Requirement: Begin at the line containing "Unisex Alpa - Neuletakki, koko" in the entries below and end at the line containing "купить Багги SHARMAX"; transcribe that range exactly and nothing outside it.

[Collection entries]
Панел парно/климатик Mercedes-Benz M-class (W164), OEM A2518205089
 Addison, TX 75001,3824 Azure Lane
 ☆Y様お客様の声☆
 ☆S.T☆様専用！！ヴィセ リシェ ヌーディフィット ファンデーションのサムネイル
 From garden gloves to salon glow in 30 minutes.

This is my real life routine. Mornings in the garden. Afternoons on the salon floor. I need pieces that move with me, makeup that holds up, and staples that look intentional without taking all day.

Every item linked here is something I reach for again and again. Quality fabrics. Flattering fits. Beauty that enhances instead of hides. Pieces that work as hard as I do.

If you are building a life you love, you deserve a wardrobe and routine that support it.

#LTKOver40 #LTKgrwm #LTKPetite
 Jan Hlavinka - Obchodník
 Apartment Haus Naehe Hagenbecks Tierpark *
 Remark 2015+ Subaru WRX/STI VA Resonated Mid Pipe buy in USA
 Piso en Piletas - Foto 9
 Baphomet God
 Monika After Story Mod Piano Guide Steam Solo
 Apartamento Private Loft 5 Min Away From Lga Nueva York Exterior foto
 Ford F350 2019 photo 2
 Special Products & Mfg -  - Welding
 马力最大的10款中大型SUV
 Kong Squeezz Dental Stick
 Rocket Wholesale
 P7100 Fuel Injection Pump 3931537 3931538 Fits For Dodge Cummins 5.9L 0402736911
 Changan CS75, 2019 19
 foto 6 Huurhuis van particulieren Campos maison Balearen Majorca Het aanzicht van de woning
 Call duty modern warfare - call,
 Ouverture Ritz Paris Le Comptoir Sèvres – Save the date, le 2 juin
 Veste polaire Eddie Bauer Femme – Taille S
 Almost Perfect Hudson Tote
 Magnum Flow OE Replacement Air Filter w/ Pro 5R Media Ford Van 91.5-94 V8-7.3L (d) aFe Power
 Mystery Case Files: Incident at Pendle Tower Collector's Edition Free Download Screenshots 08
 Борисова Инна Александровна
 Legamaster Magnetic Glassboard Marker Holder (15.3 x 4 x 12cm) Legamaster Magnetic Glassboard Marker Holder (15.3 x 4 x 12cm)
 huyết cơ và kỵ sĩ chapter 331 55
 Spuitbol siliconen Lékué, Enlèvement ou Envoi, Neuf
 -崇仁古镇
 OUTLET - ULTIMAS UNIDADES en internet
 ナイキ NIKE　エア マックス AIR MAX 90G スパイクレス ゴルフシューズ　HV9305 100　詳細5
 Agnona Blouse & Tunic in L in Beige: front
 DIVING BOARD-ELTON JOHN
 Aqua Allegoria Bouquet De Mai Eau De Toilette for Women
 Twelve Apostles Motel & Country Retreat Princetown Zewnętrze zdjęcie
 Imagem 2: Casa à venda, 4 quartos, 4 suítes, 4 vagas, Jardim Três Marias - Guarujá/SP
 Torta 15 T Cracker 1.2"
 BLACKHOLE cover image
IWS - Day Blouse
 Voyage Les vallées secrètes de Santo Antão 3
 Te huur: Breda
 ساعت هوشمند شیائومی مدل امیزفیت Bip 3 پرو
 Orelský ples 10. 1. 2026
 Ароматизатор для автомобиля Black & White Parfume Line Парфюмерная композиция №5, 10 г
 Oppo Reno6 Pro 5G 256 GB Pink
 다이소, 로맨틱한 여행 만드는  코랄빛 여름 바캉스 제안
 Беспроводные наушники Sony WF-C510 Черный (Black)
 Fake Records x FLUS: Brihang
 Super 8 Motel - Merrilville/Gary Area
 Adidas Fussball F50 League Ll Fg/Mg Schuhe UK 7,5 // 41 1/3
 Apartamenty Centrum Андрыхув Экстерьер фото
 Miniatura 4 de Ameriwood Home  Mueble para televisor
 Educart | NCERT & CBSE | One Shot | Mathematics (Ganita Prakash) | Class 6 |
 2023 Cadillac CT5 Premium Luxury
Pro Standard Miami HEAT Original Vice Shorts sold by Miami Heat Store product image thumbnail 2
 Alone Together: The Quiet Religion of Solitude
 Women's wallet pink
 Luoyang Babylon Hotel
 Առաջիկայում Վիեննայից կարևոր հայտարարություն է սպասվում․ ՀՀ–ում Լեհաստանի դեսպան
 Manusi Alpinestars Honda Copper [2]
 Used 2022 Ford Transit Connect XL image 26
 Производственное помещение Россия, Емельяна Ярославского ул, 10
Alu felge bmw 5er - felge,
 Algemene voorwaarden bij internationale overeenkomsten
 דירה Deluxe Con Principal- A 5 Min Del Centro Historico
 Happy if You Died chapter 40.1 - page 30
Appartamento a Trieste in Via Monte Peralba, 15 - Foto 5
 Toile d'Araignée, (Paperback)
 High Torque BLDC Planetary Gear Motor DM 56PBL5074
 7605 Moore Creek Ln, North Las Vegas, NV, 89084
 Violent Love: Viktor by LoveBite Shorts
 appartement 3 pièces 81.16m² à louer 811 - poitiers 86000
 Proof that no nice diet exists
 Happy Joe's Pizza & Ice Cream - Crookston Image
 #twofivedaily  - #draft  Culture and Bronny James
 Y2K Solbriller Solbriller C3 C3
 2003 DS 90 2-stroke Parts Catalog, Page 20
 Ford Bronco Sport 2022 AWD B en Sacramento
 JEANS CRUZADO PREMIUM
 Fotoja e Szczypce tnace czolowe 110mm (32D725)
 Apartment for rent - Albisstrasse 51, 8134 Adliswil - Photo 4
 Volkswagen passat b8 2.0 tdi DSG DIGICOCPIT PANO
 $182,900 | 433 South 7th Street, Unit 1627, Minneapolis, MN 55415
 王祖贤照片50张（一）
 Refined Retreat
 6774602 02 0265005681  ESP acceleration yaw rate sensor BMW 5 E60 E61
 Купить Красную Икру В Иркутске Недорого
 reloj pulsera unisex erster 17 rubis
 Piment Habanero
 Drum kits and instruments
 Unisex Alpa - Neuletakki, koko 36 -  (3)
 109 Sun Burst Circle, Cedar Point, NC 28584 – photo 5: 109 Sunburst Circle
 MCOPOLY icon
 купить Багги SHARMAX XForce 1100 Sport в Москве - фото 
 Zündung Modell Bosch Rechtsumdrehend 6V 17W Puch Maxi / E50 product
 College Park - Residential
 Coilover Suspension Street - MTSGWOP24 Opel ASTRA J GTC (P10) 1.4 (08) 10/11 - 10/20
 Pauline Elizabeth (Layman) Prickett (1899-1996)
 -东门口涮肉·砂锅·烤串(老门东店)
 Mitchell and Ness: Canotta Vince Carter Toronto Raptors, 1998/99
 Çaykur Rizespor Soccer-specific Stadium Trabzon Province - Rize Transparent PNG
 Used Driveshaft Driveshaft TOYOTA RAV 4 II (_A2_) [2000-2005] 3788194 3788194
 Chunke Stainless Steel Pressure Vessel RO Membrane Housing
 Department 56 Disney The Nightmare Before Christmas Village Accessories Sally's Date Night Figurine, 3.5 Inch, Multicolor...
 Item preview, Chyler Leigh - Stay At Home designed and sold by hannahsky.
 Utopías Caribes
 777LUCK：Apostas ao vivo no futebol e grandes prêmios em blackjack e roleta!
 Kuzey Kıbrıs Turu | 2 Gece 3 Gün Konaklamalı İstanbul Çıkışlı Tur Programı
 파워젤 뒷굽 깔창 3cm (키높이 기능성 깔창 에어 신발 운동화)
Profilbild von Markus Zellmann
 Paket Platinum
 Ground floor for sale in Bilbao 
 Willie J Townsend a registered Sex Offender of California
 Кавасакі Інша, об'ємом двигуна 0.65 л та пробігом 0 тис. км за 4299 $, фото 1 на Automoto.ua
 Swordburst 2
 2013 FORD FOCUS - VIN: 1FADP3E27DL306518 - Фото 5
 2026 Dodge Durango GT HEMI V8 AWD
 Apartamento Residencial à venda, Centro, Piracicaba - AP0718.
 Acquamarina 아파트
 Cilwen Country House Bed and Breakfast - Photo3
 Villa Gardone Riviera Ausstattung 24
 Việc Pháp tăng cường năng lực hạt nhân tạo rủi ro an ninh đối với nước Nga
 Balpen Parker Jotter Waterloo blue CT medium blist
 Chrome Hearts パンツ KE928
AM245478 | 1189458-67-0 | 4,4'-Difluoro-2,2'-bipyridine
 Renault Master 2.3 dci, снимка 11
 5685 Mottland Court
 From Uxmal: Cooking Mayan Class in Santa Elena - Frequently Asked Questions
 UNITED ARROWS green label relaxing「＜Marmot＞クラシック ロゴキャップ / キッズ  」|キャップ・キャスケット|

Result of the task:
 Unisex Alpa - Neuletakki, koko 36 -  (3)
 109 Sun Burst Circle, Cedar Point, NC 28584 – photo 5: 109 Sunburst Circle
 MCOPOLY icon
 купить Багги SHARMAX XForce 1100 Sport в Москве - фото 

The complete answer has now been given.